Have you ever wanted to customise a game and put your signature to it? Well now’s your chance with CRL’s 3D Gamemaker. FRANCO FREY gives it a whirl
THE GAME is your typical Knightlore clone with 256 different rooms and the usual objects, obstacles and nasties. Fed up with the standard characters, objects and background, you simply create your own fantasy land or theme park.
The idea is not really all that new. Perhaps older readers may remember that odd excursion into games designing by Quicksilva, Games designer, where several different game structures could be configured from a wide choice of available graphic characters and attack waves. This was fairly limiting though, as it left little creation to the player, just a choice of combinations. Remember the Robin Candy Playing Tips cassette last year, that contained a program by Phil Churchyard which would let the player rearrange the rooms, objects and exits of Sweevo’s World from Gargoyle. Again, it didn’t allow you to create your own graphics. 3D Game Maker does just that.
The package consists of three programs, 3D Graphic Editor, 3D Room Designer and 3D Gamemaker.
As its name implies, the first provides a graphics utility, which accesses the available range of graphic blocks/sprites and allows you to modify or create your very own designs. Each graphic is assigned to a function, ie fixed or moving/crumbling object, background/room border block or player/nasty sprite. This function cannot obviously be changed, only the look of it.
Each graphic requires the generation of a mask to clear the background — but this is made easier by the automatic mask generator, which follows the new object’s outlines and provides a quick starting point for further modification. An individual block can be stored in a temporary buffer, so that it can be copied into the next graphic block — useful for moving sprites or for similar looking objects. The block can be flipped over from left to right and a fill routine provides some further help in the creation of your graphical element. SAVE, VERIFY and LOAD routines are provided for permanent storage.
The 3D Room Designer is a facility for positioning objects and aliens at any point, and for the addition or removal of the exits which connect rooms. The colour of each room can be specified. Each object position requires memory and a memory status indicator displays the amount of memory still left.
The game area is a 16 by 16 matrix of rooms, but only one quarter of this is displayed, with an indicator to indicate which quarter is active. The position of the current room is indicated in the lower right-hand corner of the screen along with the position of the current object within the room. A 15 by 15 matrix shows the horizontal position, and a bar graph the actual height of the object within the room.

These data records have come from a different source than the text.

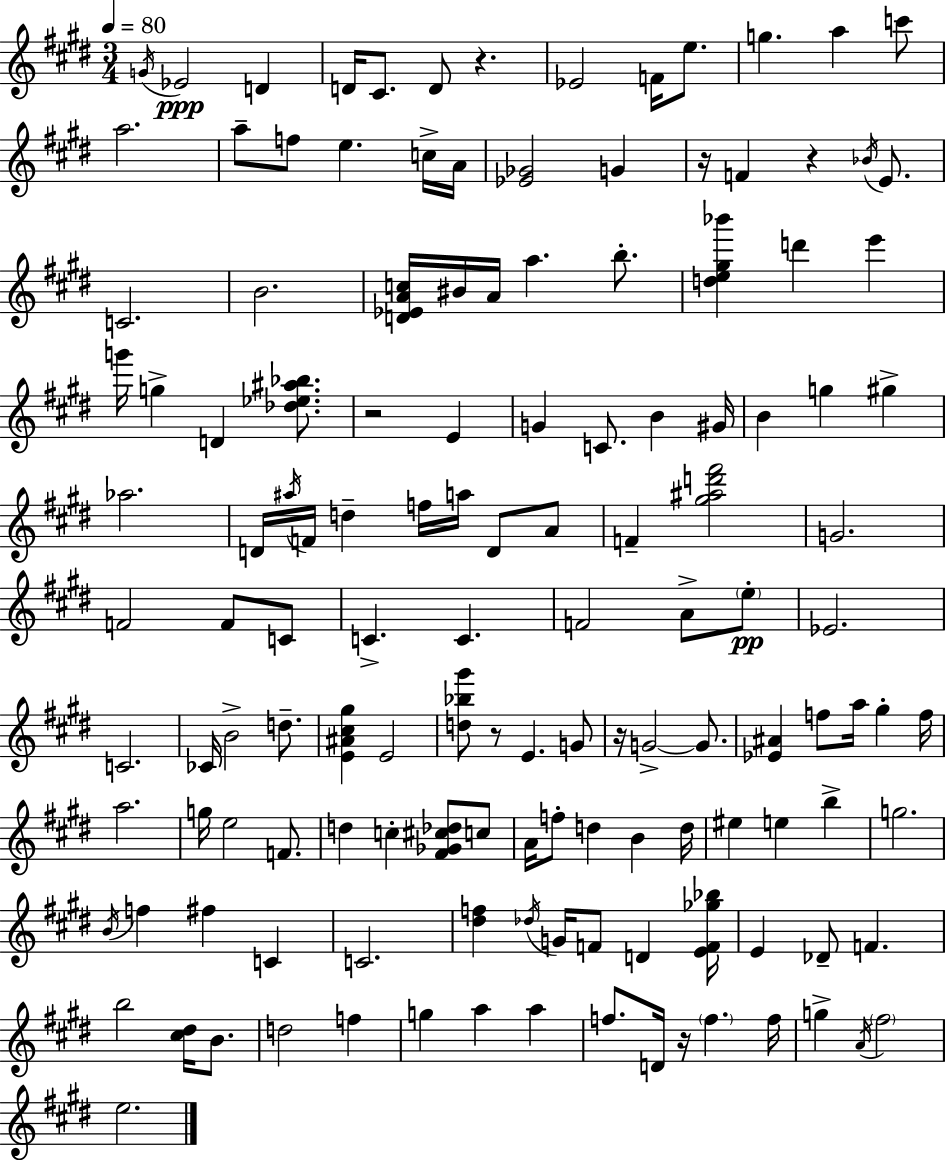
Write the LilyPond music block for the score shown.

{
  \clef treble
  \numericTimeSignature
  \time 3/4
  \key e \major
  \tempo 4 = 80
  \acciaccatura { g'16 }\ppp ees'2 d'4 | d'16 cis'8. d'8 r4. | ees'2 f'16 e''8. | g''4. a''4 c'''8 | \break a''2. | a''8-- f''8 e''4. c''16-> | a'16 <ees' ges'>2 g'4 | r16 f'4 r4 \acciaccatura { bes'16 } e'8. | \break c'2. | b'2. | <d' ees' a' c''>16 bis'16 a'16 a''4. b''8.-. | <d'' e'' gis'' bes'''>4 d'''4 e'''4 | \break g'''16 g''4-> d'4 <des'' ees'' ais'' bes''>8. | r2 e'4 | g'4 c'8. b'4 | gis'16 b'4 g''4 gis''4-> | \break aes''2. | d'16 \acciaccatura { ais''16 } f'16 d''4-- f''16 a''16 d'8 | a'8 f'4-- <gis'' ais'' d''' fis'''>2 | g'2. | \break f'2 f'8 | c'8 c'4.-> c'4. | f'2 a'8-> | \parenthesize e''8-.\pp ees'2. | \break c'2. | ces'16 b'2-> | d''8.-- <e' ais' cis'' gis''>4 e'2 | <d'' bes'' gis'''>8 r8 e'4. | \break g'8 r16 g'2->~~ | g'8. <ees' ais'>4 f''8 a''16 gis''4-. | f''16 a''2. | g''16 e''2 | \break f'8. d''4 c''4-. <fis' ges' cis'' des''>8 | c''8 a'16 f''8-. d''4 b'4 | d''16 eis''4 e''4 b''4-> | g''2. | \break \acciaccatura { b'16 } f''4 fis''4 | c'4 c'2. | <dis'' f''>4 \acciaccatura { des''16 } g'16 f'8 | d'4 <e' f' ges'' bes''>16 e'4 des'8-- f'4. | \break b''2 | <cis'' dis''>16 b'8. d''2 | f''4 g''4 a''4 | a''4 f''8. d'16 r16 \parenthesize f''4. | \break f''16 g''4-> \acciaccatura { a'16 } \parenthesize fis''2 | e''2. | \bar "|."
}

The current object can be selected by scanning the complete graphic repertoire for objects and aliens, and the joystick/cursor keys are used to move the object about. An Epson screen dump may be executed for keeping a record of the game area. Generated room data may be saved, verified and loaded from tape for later use.

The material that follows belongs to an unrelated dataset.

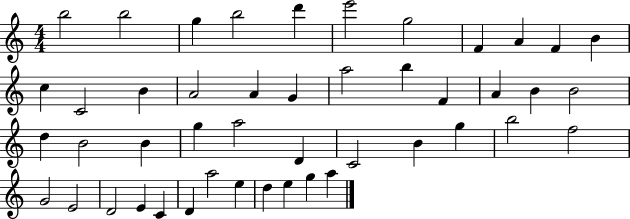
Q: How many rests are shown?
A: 0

The 3D Gamemaker is the master program which is required to save the customised version as an autonomous file on cassette. This loads with an example game called 3D Adventure, which can be accessed from the main menu, and which should provide a good example of what can be achieved. The same menu, however, provides the facility of loading the customised graphics and room data. The game can then be tested and, if satisfactory, saved with the appropriate name as an independent game file.
The utility programs are very well presented and designing the graphics and the room layout is simple and enjoyable, as most of the commands are accessed in true point and click style.
If the package were to be judged purely on the merits of the sample game, it would not end up in the top charts, in fact it would be rated as a poor to mediocre version of the particular game style. But with the possibility of creating your very own version, it should interest some of the would-be m/c programmers, who will never make it on their own. As long as nobody expects to create a new games technique with it, 3D Gamemaker should prove to be a versatile utility within the constraints of the program framework, but it’s important to remember that apart from the disposition of the rooms and the objects, it’s only the graphical look of the game that is going to change.